Thursday, 25 April 2013
Naturaleza náufraga
Se escuchan apenas unos ruiditos, un crujir ausente de maderas. El resto es silencio seco. Silencio de esos que flotan suspendidos en las casas grandes. Silencio que cuelga de habitaciones deshabitadas y vigila pasillos por los que transita ya casi nadie. Esa casa contiene en su cerrazón un torrente de recuerdos impacientes por respirar el aire fresco de la primavera. Memorias resignadas por no poder morir al fin con sus legítimos poseedores, naufragos serviles que sobreviven enajenados a las muertes de sus amos.
En este instante elástico y prolongado se van posando como parásitos sobre las cosas. Objetivamente se diría que se han transfigurado en pedazos de vida sin uso. Objetos condenados a soportarse los unos a los otros, en silencio obligado. Sus mejores presagios coinciden en un pensamiento: un día -se dicen- llegará alguien con buenas intenciones a reventar la casa sin contemplaciones. A abrir armarios y cajones y meterlo todo en bolsas de plástico, todas iguales. Sin pararse a urdir categorías de utilidad o belleza para estos restos.
Sin embargo, quizás sí venga un alma piadosa y afectada le eche una oración antes de cruzar el umbral. Y tal vez, por puro capricho de la melancolía, su imaginación se detenga una tarde entera a acompañar a los trastos.
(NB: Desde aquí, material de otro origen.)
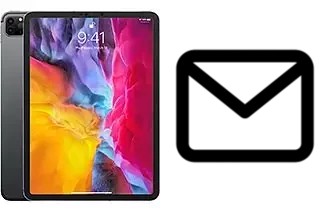 Configurar correio em Apple iPad Pro 11 (2020)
Y recorrerá ensimismada esos pasillos especulando con la vida de los muertos. Ajena a su destino. No, no es probable tanta ociosidad más allá de esta ficción. Pero si eso ocurriera, la plancha de hierro y y el cinturón de alguna prenda antigua (¿una gabardina?) no le tendrían la menor lástima. Lo asesinarían allí mismo, en silencio.
Lo más probable, no obstante, es que venga alguien sin remilgos y lo eche todo en un camión. En menos de lo que te piensas está distribuida la mandanga. Y si te he visto no me acuerdo.
En realidad da igual lo que ocurra después, poco importa que el cazo sí lo aprovechen en otra casa y que las botas acaben en una planta de reciclaje. Es cuestión de tiempo. Ha de llegar el día en que esos recuerdos se vuelvan a cruzar en algún rincón del tiempo. Se verán distintos, quizás menos viejos, y se reconocerán. Atomos encontrados, bailando el uno frente al otro en el centro de una gran bola de magma en la otra esquina del universo. Sin lamentar la ausencia ya superada, se regocijan de su suerte. Crepitan susurros.